Psychedelic Drugs As A Religious Right: New Lawsuit Relaunches The Debate

The Zide Door Church of entheogenic plants in Oakland, California, is suing the city and its security department over a police raid that allegedly constituted a violation of religious and constitutional freedom.

In California, recreational marijuana has been state-wide legal to consume and sell with a license since 2016. In Oakland, commissioners voted for the decriminalization of a list of hallucinogenic products including psilocybin mushrooms in 2019. The difference is, these substances’ sale is currently still illegal.

What Happened

The East-Oakland establishment works since 2019 as the worship center for Church of Ambrosia members, an “interfaith religious organization that supports the use and safe access” of certain natural therapeutics, most notably cannabis and psychedelic mushrooms.

Until the COVID-19 outbreak, the church offered on-site services on Sundays at 4:20. Founder Dave Hodges stated that it now has a total 60,000 members and that 200 of them come in for the substances daily. 

Their sacramental use is considered by the church as a way to connect with “a higher consciousness, their own eternal souls, spiritual beings and God.” 

So, before joining, members must complete an online questionnaire regarding personal implications in law enforcement and religious cannabis and psilocybin consumption. 

Once admitted, a $5 optional monthly membership fee allows them to receive both psychedelics in return for a donation, which Hodges affirms does not make the church into a seller. 

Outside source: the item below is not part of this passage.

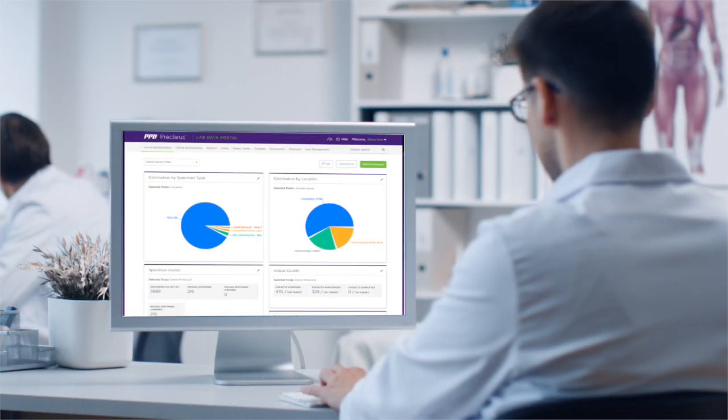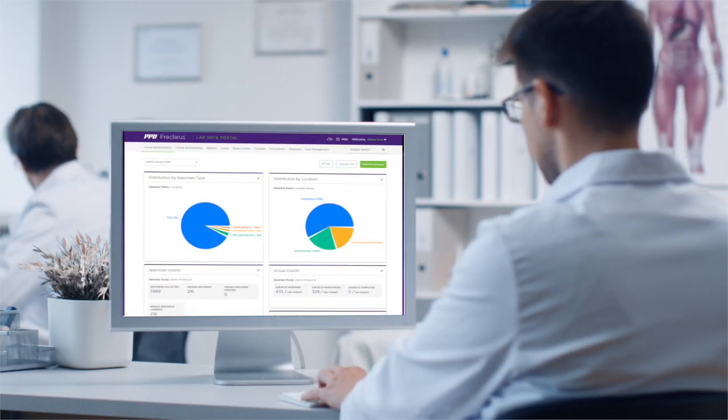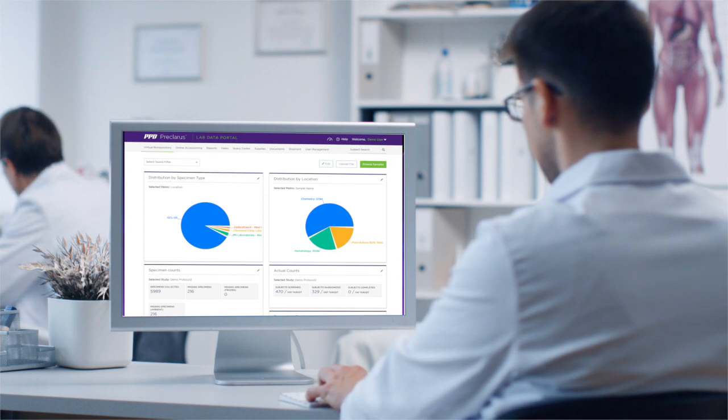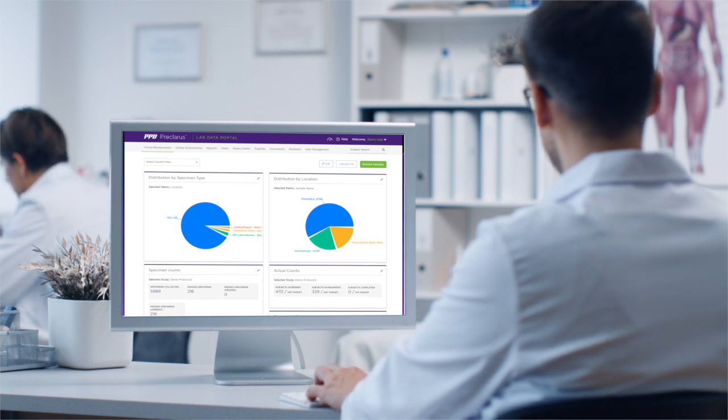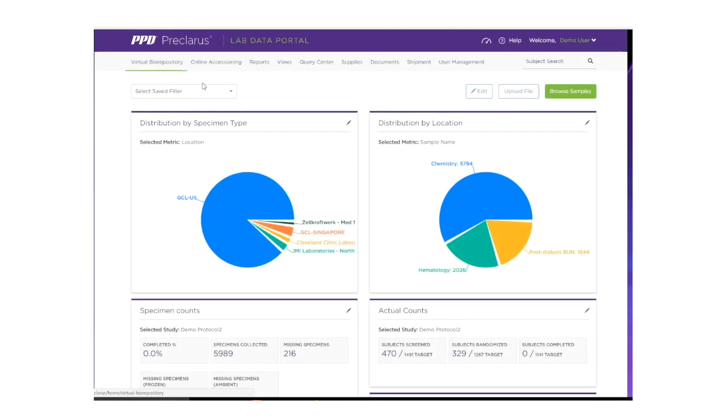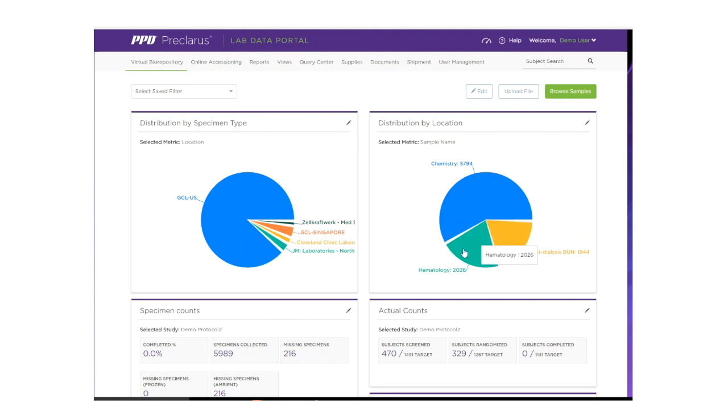One of the most innovative features in the Preclarus Lab Data Portal is the virtual biorepository. The biorepository widgets provide a high-level view of your specimens. Location, count, type, and status are all clearly displayed.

In August 2020, local police stormed the church building with a search warrant stating that the city had received a complaint over the Zide Door’s alleged operations as an unlicensed cannabis dispensary, and then confirmed it through an undercover agent who said he exchanged cash for cannabis while acting as a member. 

In that raid, the Oakland police impounded almost $200,000 in cannabis, magic mushrooms and cash. While no arrests or charges were made, Hodges was issued a fine and a warning. 

News reports said the items seized were not returned. Two years later, the church is filing a lawsuit.

“This is not just an excuse to sell drugs,” Hodges told the Chronicle. “This is what we truly believe is the origin of all religion and really what religion should be.” And that is the church’s position in the current lawsuit: that local officers violated federal law and the church’s First Amendment right to the free exercise of religion.

Footage from the 2020 raid shows Oakland police streaming into the church, some with guns drawn, as well as firefighters taking heavy machinery to locked safes. A computer, documents, cannabis products, mushrooms and cash were seized.

The dean of the University of California’s Berkeley School of Law Erwin Chemerinsky believes the church may have a hard time defending itself as exempt from state drug laws. “Assuming that the California law applies to everyone and does not have discretion to grant exceptions, then there is not a basis for challenging it based on religion.”

On the other hand, Jesse Choper, a law expert at the same institution told the Chronicle that the religion argument might just work. 

Neither the Police Department nor the city attorney Barbara Parker have publicly commented on the lawsuit so far.